As ilustrações de Sarah Van Dongen têm algo de íntimo e revolucionário ao mesmo tempo. Para quem cresceu ouvindo que “desenho bom” é aquele que se parece com uma fotografia, o traço de Sarah soa como um grito gentil de liberdade. A seguir, compartilho uma análise das imagens que me tocaram profundamente — e que me abriram caminhos para encontrar meu próprio estilo de desenhar.


1. Cotidiano como poesia visual

Sarah frequentemente retrata cenas simples: pessoas lendo, tomando café, conversando, costurando. O encanto está justamente no fato de que essas cenas não estão sendo idealizadas, mas sim humanizadas. A casa é imperfeita, os corpos têm formas variadas, os cabelos não são todos “domados”. Há vida ali — e o cotidiano, que tantos ignoram, vira arte.


2. Paleta emocional e simbólica

Ela utiliza cores suaves e vibrantes ao mesmo tempo. Muito azul, verde, amarelo-mostarda, terracota. Não é uma paleta realista, e isso é intencional: as cores carregam emoção, não apenas luz. Uma blusa vermelha pode simbolizar intensidade. Uma parede azul-esverdeada pode acalmar. Não estamos vendo a realidade, mas o que ela nos faz sentir.


3. Contorno visível, linhas orgânicas

As linhas são quase sempre visíveis e nada “perfeitas” — e isso é maravilhoso. O contorno preto ou escuro marca bem as figuras, mas elas não são “duras”; são acolhedoras, soltas. As linhas não precisam ser retas, nem as formas simétricas. Isso abre espaço para que quem desenha (como eu) se permita errar, experimentar, brincar. O cartum é isso: gesto, expressão, movimento.


4. Detalhes que contam histórias

Os objetos em volta das personagens sempre dizem algo. Livros, plantas, meias coloridas, tapeçarias, papel de parede com padrões ousados. Tudo compõe a narrativa. Sarah não desenha só personagens: ela cria atmosferas. E essa ambientação tem memória, cultura, humor. Ao invés de buscar o “realismo”, ela busca sentido. E encontra.


5. Representação afetiva do corpo

Os corpos de Sarah não são atléticos ou idealizados.
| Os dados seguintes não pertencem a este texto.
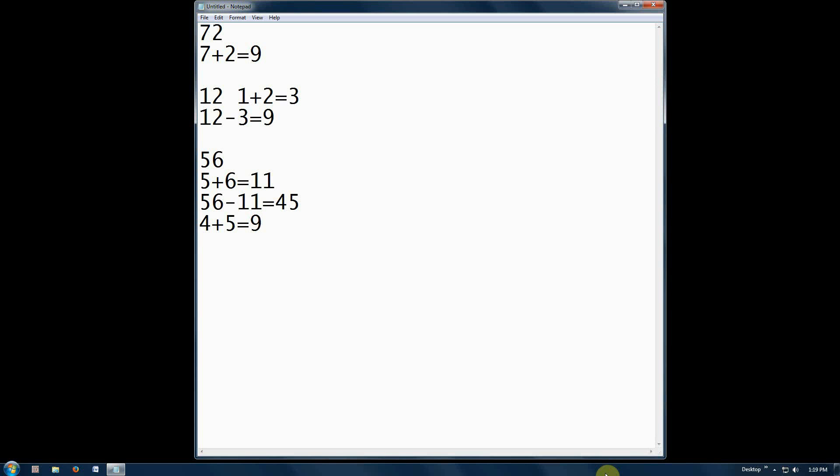Let's try another number, maybe 33. 3 plus 3 equals 6. 33 minus 6 equals 27. 2 plus 7 equals 9.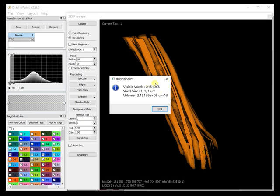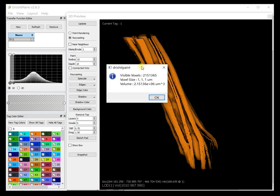That's the volume. I have not set any voxel size here so it's just counting number of visible voxels and then multiplying by the voxel size here which is one micron default. But you can set that voxel size when you are importing the data.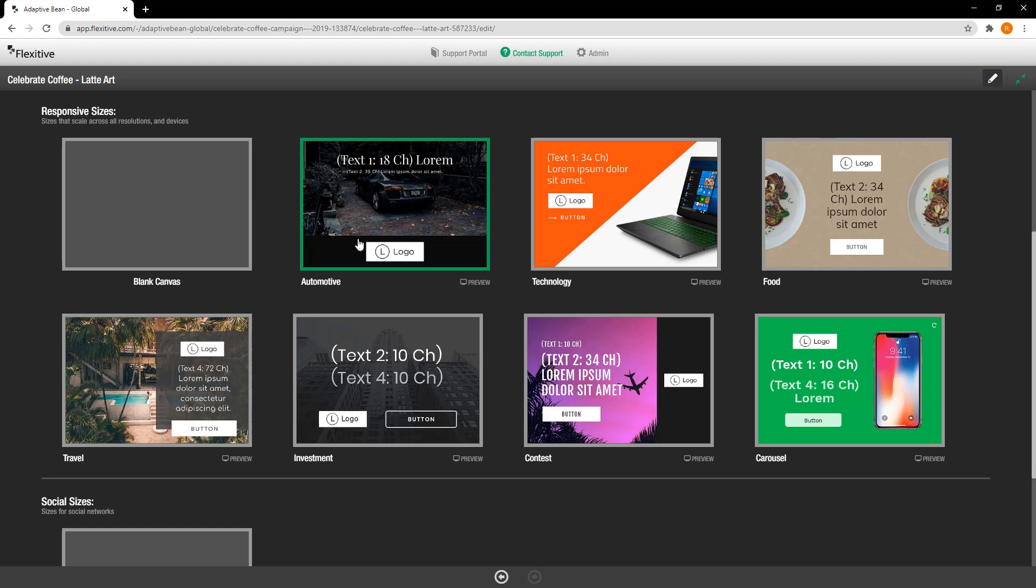If you'd like to learn more about custom templates get in touch with us either via the contact support widget or by emailing support at flexitive.com or contacting your account manager. For today I'm just going to jump into this automotive template.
São corpos que habitam o mundo com tranquilidade. Pernas peludas, peitos caídos, barrigas reais, posturas confortáveis. Isso é revolucionário. Especialmente para meninas que cresceram ouvindo que o corpo precisa se adequar ao olhar dos outros. A arte dela nos ensina a olhar com ternura.


Reflexão Final 

Durante muito tempo, eu sentia vergonha de desenhar no estilo que eu amava: cartum. Parecia que, se não fosse 'realista', não era bom o suficiente. Ninguém dizia isso diretamente, mas o silêncio nos grupos, os elogios sempre para quem fazia arte ‘parecida com foto’, tudo isso me fazia querer desistir. Até que conheci a Sarah Van Dongen. E o mundo dela me disse: você pode! Você pode amar o traço que você tem. Pode contar histórias com ele. Pode sentir orgulho. Desde então, nunca mais parei.